Editorial
The Mark XX is IWC's current-production pilot watch in the classic 40mm format, carrying forward a lineage that traces back to the Mark XI issued to the Royal Air Force in 1948. It runs a Sellita SW300-1 under the IWC-branded caliber 32111 designation, a movement that divides opinion but keeps the watch affordable relative to the rest of the IWC catalog. For buyers who want a legible, well-proportioned pilot dial with real heritage behind the name and no desire to spend Portugieser money, this is the honest choice.
IWC introduced the Mark XX in 2022, replacing the Mark XVIII (2016-2022) with a revised case profile and an updated movement designation. The caliber 32111 is a Sellita SW300-1 with IWC finishing and regulation, offering 72 hours of power reserve. The Mark XVIII ran the older 30110 (also Sellita-based), so the movement architecture is similar across both generations.
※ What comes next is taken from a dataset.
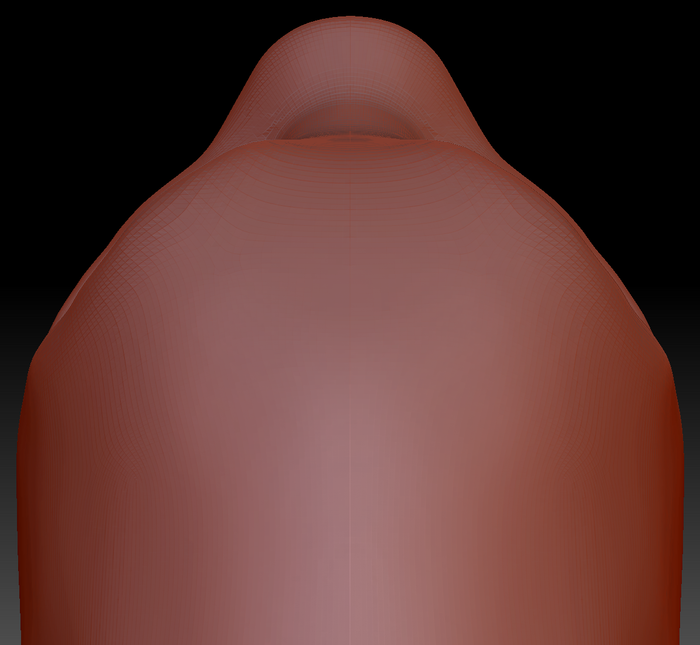 Avali Head Base Variant 2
No significant dial variants exist in the Mark XX lineup at launch; the black dial on the IW328201 is the reference collector attention centers on. The white dial IW328205 shares the same case and movement but draws less secondary-market interest.
The Sellita base movement is not a defect, but buyers who expect an in-house manufacture should look at the Portugieser or Pilot's Watch Timezoner before purchasing. Verify the crown and pusher screwdown function correctly; the Mark XX uses a screw-down crown that sees heavy daily use and can develop wear on the threads. Inspect the anti-reflective sapphire coating on both sides of the crystal, as the inner AR layer can chip at the edge if the watch has taken impact.
Check the lug finishing on pre-owned examples; the brushed surfaces on the lugs are thin and polishing shops routinely round them off, which hurts resale value. The reference is new enough (2022-present) that most pre-owned examples have light service history, but crown condition remains the most telling indicator of how the watch was treated.